Tensions bubbled over in the Sør-Trøndelag municipality of Malvik on Wednesday after swimmers repeatedly poured dishwashing liquid into the pool below Nævra waterfall. Both locals and tourists have turned the pool into a jacuzzi for years, but authorities said the foam posed a threat to spawning salmon.
The river is a tributary for a popular salmon fishing river, reported local newspaper Malvikbladet. A number of restrictions were in place to increase the salmon population.
“It is not acceptable to pour dishwashing detergent into the river,” said Malvik municipality’s environmental adviser, Lars Slettom. “Both fish and bottom-dwellers are harmed by the substances found in the soap. We will do everything necessary to stop this.”
“We have put up signs that clearly say this is illegal,” deputy mayor Knut Sjøvold told Norwegian Broadcasting (NRK). “We hope that people will adhere to the rules.

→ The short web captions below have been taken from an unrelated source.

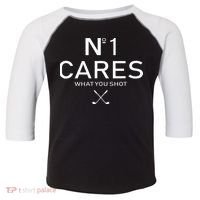 No 1 Cares What You Shot Toddler Fine Jersey T-Shirt thumb 0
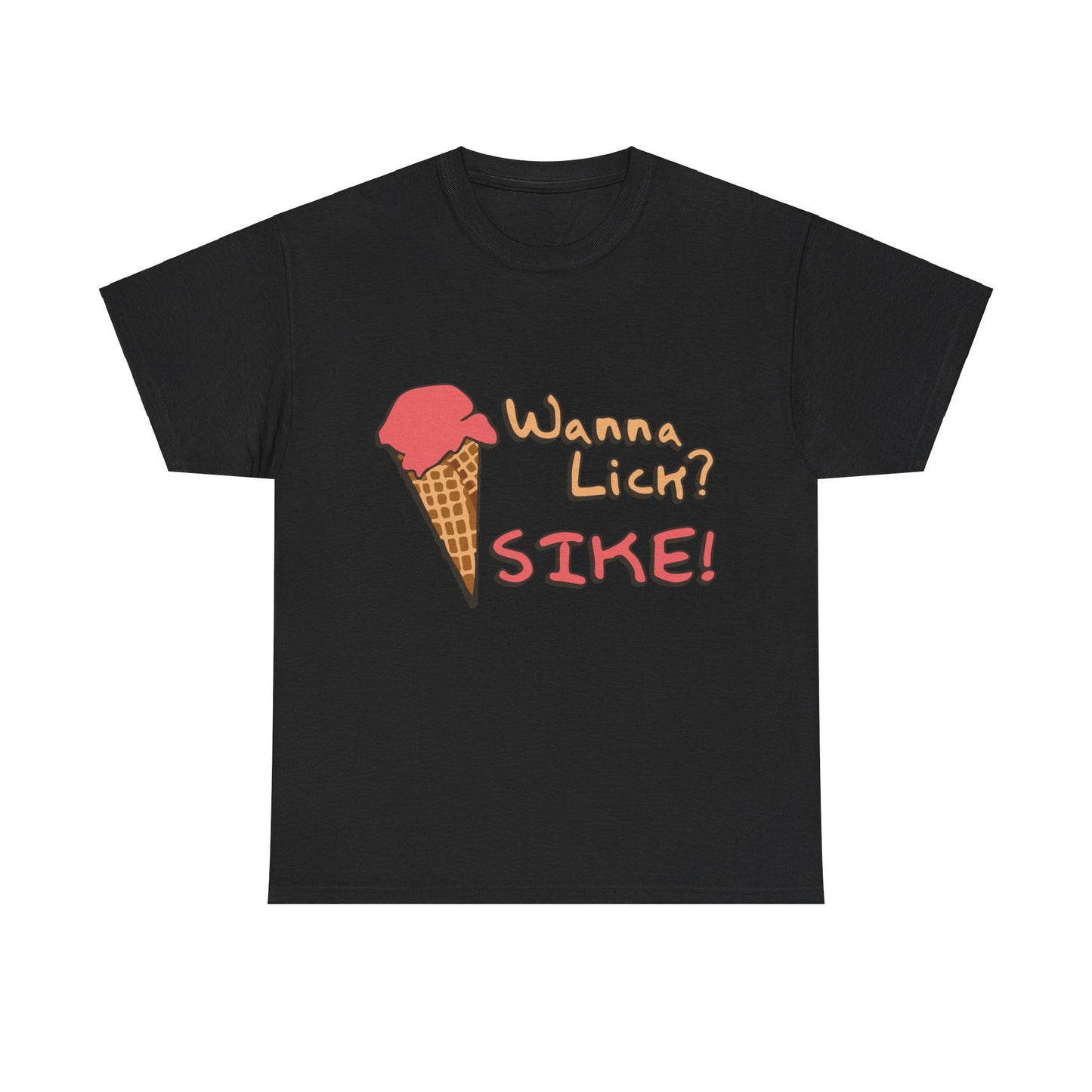 Wanna Lick Sike Ice Cream Man Unisex Graphic T-Shirt, Sizes S-5XL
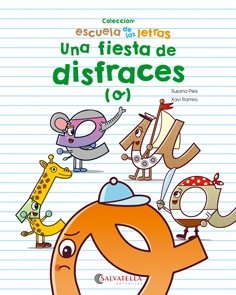 Una fiesta de disfraces, de Peix Cruz, Susana | portada del libro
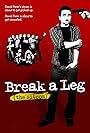 Break a Leg (2007)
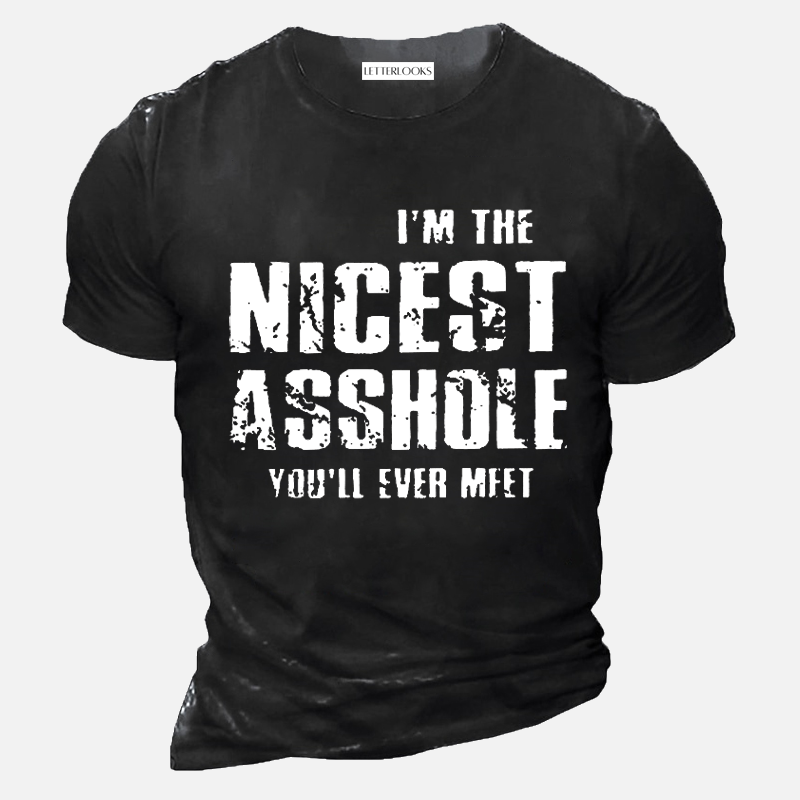 I'm The Nicest Asshole You'll Ever Meet Men's Casual T-Shirt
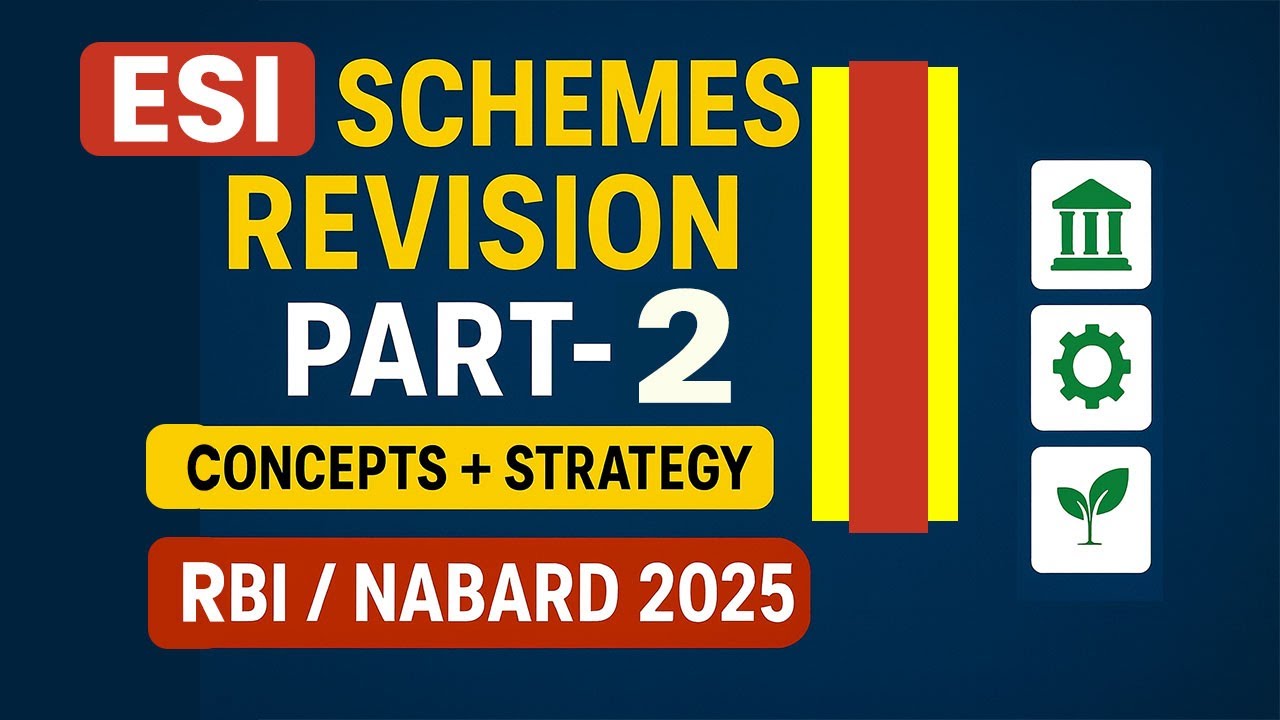 ESI Schemes Revision Part - 2 | NABARD Grade A 2025 | Concepts + Strategy | Clarity for Sure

People are probably unaware of the damage they’re inflicting on nature, so I don’t think it’s meant spitefully.” He said if the bubble baths continued, the police would be called.
“Last time I was there, bottles of dishwashing liquid were floating everywhere,” said one anonymous local, who swam in the foam-filled pool a couple of days ago. “Ever since I was little I have heard of this phenomenon, and it was fun to test it out, but I didn’t know that it led to environmental problems.”
Lilleborg, the company which manufactures “Zalo” dish soap said the detergent was not harmful to the environment, provided the recommended amount was used. The bottles carry the slogan “one drop is enough.”